Stan: I would love to –whenever we feel there is a market for it. I remember once a writer came up to me to see if he could work for us. I said, “Hey, I need someone to write a western. How about it?” He said, “I don’t write westerns, I write mysteries.” I said, “A story is a story. In a mystery you say ‘follow that car,’ in a western you say ‘follow that stagecoach.’ It’s the same type of writing.” He laughed, and finally did the story, and it turned out okay.
Me: Was there a consistent element in your stories, in every genre, that identified your work?
Stan: I would like to think that I stressed characterization along the way. No matter what kind of story it was, superhero or whatever, I tried to make the characters as realistic as possible so that you cared about them. You can spin the greatest story in the world, but if the reader doesn’t care about the hero none of it matters. That’s the whole thing about writing –make the reader interested in the main characters, make them care what happens to them.
Me: Who was a big influence on you?
Stan: Oh, everybody. I was a voracious reader as a kid. H.G. Wells, Mark Twain, Charles Dickens, Edgar Rice Burroughs, Shakespeare –I probably didn’t understand Shakespeare that much, but I loved the sound of the words. Yeah, I read everything –my mother used to say that if there was nothing else at the dinner table I would read the label on the ketchup bottle.
Me: How would you describe the duties you have now?
Stan: Mainly I work on the movies and television shows we do. I’m really not that involved with the comics anymore.
Me: Why do you think your westerns lasted so long?
Stan: I think it’s because westerns have such a basic storyline. It features the good guys versus the bad guys. Yet there are a lot of options. I think it’s the same reason Westerns have lasted in Hollywood for so long. You can always think of something new and put it in a western setting. You can have romance stories, revenge stories, jealousy, hatred, parental love –you can take any theme in the world and put it in a western formula.
Me: Have you read any of the more recent western titles, like Jonah Hex or Blueberry?
Stan: No, I don’t have time to read comics anymore.
Me: I read somewhere that you once wrote “Stan Lee is God” on a tower.
Stan: Oh, don’t tell that again.
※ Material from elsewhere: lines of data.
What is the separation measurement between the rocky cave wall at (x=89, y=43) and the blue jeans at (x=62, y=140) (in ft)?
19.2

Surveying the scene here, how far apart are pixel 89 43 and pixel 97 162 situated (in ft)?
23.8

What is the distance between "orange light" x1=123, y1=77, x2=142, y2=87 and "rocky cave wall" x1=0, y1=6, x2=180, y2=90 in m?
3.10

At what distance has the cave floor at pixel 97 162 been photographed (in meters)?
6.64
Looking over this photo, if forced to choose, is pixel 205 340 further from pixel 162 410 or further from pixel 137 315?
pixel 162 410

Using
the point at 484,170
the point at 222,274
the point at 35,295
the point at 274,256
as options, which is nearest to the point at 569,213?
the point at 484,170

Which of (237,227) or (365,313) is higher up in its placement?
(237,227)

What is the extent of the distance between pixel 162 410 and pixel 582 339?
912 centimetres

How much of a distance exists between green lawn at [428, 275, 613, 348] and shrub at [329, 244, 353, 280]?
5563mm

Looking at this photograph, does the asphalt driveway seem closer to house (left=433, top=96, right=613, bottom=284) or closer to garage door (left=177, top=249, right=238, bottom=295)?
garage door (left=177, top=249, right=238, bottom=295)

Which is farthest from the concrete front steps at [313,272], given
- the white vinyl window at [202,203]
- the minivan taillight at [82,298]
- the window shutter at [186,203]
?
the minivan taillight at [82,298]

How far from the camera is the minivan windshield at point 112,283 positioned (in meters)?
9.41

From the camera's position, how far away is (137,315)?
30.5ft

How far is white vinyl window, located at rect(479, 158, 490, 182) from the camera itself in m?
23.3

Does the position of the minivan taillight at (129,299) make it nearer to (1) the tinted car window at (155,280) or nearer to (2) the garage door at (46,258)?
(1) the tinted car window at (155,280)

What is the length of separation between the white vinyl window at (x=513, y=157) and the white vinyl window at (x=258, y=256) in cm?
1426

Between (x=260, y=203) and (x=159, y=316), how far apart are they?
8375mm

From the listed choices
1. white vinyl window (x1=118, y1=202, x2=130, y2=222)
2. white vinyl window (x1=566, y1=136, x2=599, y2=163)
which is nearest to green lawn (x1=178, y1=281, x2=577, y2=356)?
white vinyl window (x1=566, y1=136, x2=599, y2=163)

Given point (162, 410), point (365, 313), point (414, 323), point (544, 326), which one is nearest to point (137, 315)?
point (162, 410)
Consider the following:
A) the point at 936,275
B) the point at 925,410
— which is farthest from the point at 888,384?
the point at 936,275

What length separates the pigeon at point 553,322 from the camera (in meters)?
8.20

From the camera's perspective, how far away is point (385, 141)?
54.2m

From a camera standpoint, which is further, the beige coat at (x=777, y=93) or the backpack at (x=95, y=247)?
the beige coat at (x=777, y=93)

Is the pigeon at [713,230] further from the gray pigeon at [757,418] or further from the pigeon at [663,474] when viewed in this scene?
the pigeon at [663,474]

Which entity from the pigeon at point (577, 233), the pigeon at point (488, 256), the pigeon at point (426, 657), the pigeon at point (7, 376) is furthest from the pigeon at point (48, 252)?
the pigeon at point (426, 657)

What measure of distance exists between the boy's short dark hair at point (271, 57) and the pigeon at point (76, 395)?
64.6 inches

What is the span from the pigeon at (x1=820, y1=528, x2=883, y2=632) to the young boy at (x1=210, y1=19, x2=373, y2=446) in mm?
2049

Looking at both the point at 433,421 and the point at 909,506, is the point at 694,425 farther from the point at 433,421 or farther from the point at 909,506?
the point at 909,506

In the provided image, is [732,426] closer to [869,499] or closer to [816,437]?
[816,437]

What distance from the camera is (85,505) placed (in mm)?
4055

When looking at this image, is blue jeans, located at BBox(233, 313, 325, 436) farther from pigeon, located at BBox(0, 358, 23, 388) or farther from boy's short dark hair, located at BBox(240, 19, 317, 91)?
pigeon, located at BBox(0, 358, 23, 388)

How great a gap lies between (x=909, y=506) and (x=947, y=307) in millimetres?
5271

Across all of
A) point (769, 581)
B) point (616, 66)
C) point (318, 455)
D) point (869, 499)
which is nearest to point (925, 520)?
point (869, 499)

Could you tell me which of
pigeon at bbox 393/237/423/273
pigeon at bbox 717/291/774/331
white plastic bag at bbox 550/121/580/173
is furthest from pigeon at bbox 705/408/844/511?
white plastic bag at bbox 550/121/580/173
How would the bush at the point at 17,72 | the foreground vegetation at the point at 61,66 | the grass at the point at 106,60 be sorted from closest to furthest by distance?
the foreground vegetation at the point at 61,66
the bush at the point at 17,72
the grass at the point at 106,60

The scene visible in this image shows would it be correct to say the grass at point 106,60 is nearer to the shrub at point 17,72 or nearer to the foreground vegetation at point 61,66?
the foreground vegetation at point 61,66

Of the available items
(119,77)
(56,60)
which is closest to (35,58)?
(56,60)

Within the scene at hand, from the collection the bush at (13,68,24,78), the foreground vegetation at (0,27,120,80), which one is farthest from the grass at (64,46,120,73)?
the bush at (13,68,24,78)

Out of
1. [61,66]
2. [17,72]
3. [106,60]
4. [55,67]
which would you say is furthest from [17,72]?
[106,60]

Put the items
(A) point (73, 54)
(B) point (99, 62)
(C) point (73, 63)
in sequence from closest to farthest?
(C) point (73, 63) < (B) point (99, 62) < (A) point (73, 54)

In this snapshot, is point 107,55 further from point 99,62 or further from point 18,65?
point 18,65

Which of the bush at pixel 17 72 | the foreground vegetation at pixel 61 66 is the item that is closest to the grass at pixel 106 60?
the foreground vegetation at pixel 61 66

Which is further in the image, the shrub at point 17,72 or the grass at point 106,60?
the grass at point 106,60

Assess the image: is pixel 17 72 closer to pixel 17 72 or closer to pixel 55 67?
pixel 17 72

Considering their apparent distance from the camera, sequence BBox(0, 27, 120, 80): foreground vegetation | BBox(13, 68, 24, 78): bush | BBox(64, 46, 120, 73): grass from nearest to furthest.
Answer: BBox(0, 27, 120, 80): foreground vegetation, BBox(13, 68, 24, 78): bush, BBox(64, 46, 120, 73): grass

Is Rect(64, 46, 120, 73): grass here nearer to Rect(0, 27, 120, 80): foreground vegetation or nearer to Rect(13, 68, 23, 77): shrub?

I was young. I don’t know why I did that. We had a big building called the tower where we published our high school magazine –I was one of the editors. One day some painters were doing some work on that big steeple-like tower. He left his ladder there and I climbed up and painted “Stan Lee is God.” Then the painter came and took the ladder away –as far as I know it’s still written there. Nobody else could ever go up and erase it. It was just a joke.
Great interview and photos. Those early Marvel yarns meant an awful lot to me when I was growing up.
ReplyDeleteI love those Atlas-era and Marvel westerns. Great fun, exciting stories. And the stand-alone stories often are as good or better than the series stories. The Atlas westerns had great art, too. John Severin, Russ Heath, Joe Maneely, Al Williamson, Don Heck, Gene Colan, and lots more I'm forgetting at the moment.